Soapbox: About the Industry
Eigentestingby Sandy Antunes
Soapbox: About the Industry
Eigentestingby Sandy Antunes
by Sandy Antunes
I just got a gig to write an adventure. Such calls are somewhat rare, simply because adventure books don't sell (relative to, say, settings or clan books or rules). In this case, it's with a clueful publisher who want a free PDF adventure to provide via their website, in support of their newly launched D20 book/setting.
The reason I call this clueful is not just because they hired me. In fact, they almost didn't hire me-- I lost out on the first call because I took a whopping 12 hours from 'call' to 'pitch'-- and that should give insight into how competitive freelancing can be.
Fortunately, they decided an extra PDF is always handy. Hence the clueful part. For perhaps a hundred bucks, they get a support product allowing players to instantly use their sourcebook, as well as something which increases interest in their product. And, it's also a justification for marketing and press releases, "New Free Adventure on our Site!".
Compare that with what that same price would purchase in ad space-- let's see... one sixteenth of a page in Dragon for just 1 issue? Suddenly, paying writers for an item that doesn't have a direct dollar return is a surprisingly cost-effective marketing decision.

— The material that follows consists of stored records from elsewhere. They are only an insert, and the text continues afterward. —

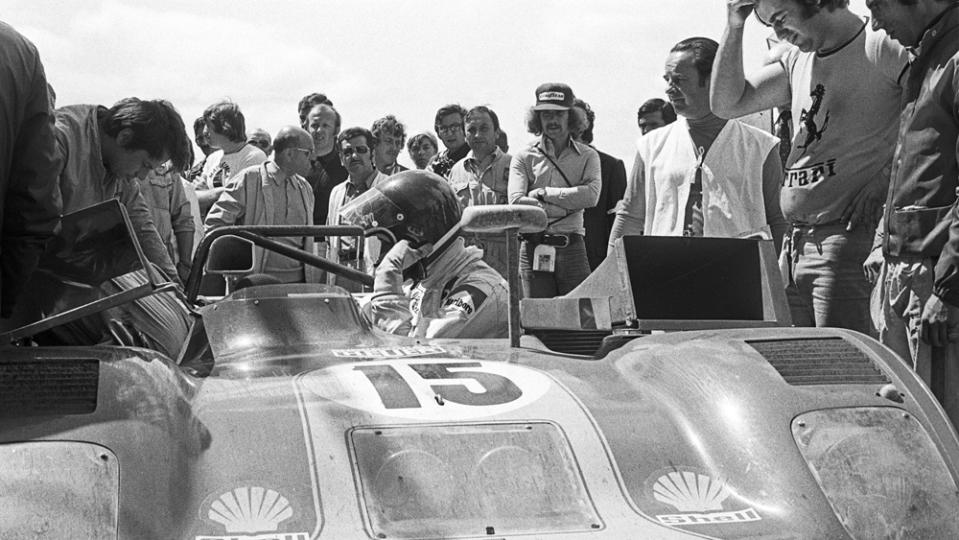 Jacky Ickx (in helmet) beside his Ferrari 312PB at the 24 Hours of Le Mans in 1973, the last year the marque competed in the race's top category until 2023.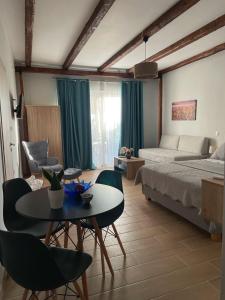 een slaapkamer met een bed en een tafel en stoelen bij Giasemi apartments in Karistos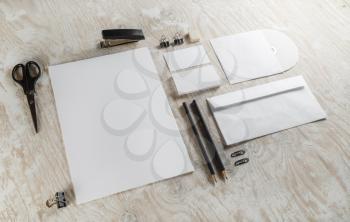 Photo of blank stationery. Blank corporate identity template on light wooden background. For design presentations and portfolios.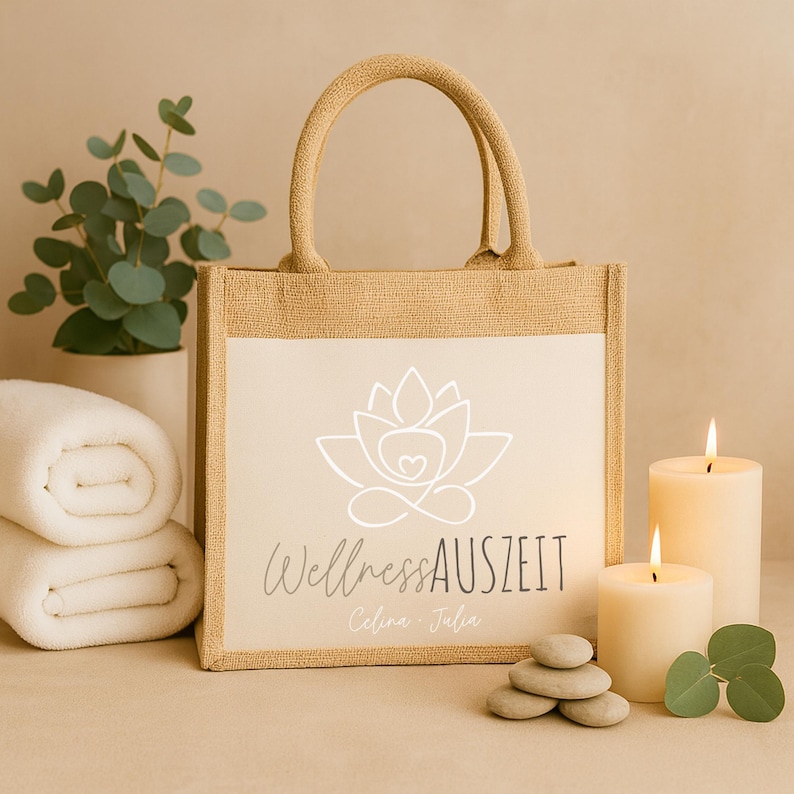 Puede incluir: Un bolso tote beige con un panel blanco con un logotipo de flor de loto y el texto "Wellness AUSZEIT". El bolso tiene una textura de yute y asas resistentes. Dos velas encendidas, piedras lisas y toallas enrolladas en el fondo.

In fact, I hope other publishers take note. Not just because I'd love more adventure-writing work, but because it's very smart behavior.
In any case, the original call had a 2-week deadline. My 'second chance' netted me a 4-week deadline. Now, the extra two weeks normally would be irrelevant for writing-- an adventure generally is two night's work (one to write, one to fact-check and rewrite). But what that two extra weeks buys, is testing.
See, my gaming group meets every 2 weeks. And I hate publishing adventures that haven't been actually, you know, _played_. There are 4 kinds of testing through playing.
Blind Testing: The gold standard of game rules testing, covered in an earlier column. Basically, you write it and hand it off to someone else to read-then-run for a bunch of players you've never met. This gives the best feedback on how the sucker will actually go after publication. And the guest GM and players serve as 'editors' as well, making for a much more robust product.
Con Games: You write it, run it at a Con a half dozen times, then look for a place to publish it. Solid, because you get a lot of feedback, but suffers the bias that, hey, since you wrote it you're not going to make the mistakes or misreads that a non-authorial GM will. However, a good editor can work wonders in remedying this.
Playtested (Spec) Games: You write a pitch, it gets accepted, you write it and then you quickly try to get your gaming group to playtest it before final rewrite. A good, solid effort, worth doing for any adventure (even though the pay is so low). And you can feel confident, handing it off to the editor, that at least it's somewhat player-worthy.
Eigentesting: Unable to actually run the game, you sit with a friend (and perhaps a few beers) and let your friend run through all the possible ways your adventure could be fubar'd by players. You pray the editor a) will not notice this hasn't actually survived players and b) will silently patch any holes or flaws.
While game rulesets should _always_ go through Blind Testing, a stand-alone adventure usually can be handled with simple Con or Playtesting. Frankly, Eigentesting is inadequate, though common. And I shudder to think some people might write in a total vacuum-- just write, submit, move on. Ugh.
But in all cases, note the mention of an editor. A good editor is indispensible. (A bad editor is disposable. No editor is either a) an abomination or b) standard for web columns like this one). Extra eyes are necessary, and in many ways an editor is an extension of the playtesting aspect. They remove all the bad stuff the writer puts in, while keeping all the good stuff. A perfect world.
Back to playtesting, though. While I argue it is required, we are debating the methods and level of effort. And here comes a bit-- what if you write an adventure for your home group, then decide to publish it? With few adventure writing gigs, the odds of lucking into someone asking for exactly your adventure, under that same setting and rules set, are fairly low.
Mutation is the saving grace of testing. If you write a great adventure for, say, Call of Cthulhu, then hear a call for Deadlands adventures, all is not lost. Often the same adventure can be translated to a different ruleset without extensive additional testing.
Yes, more testing under the new rules and in light of the modifications would be nice. But pragmatically, with adventurers paying 3 cents a word or less, this would be the one area with a mix of Playtesting and Eigentesting isn't necessarily a catastrophe waiting to happen.
As it happens, for this gig, I made a pitch and am writing the adventure from scratch for the desired setting and the desired rules set. We'll run it through our group-- in itself an interesting experience. It seems we'll have a 12-year old GM with the author simply sitting as a player. Which, if you think about it, is a nice compromise between "blind testing" and "playtesting". All the ease of a playtest with the usual house group, but with the advantage that the GM isn't the author.
In a roundabout way, I hope this column has suggested both the necessity of and the means to engage in playtesting of adventures. Given that the column wasn't itself tested, we'll see how it hit the mark. Any failure of this column, therefore, simply supports my thesis that testing (and editing) should never be neglected!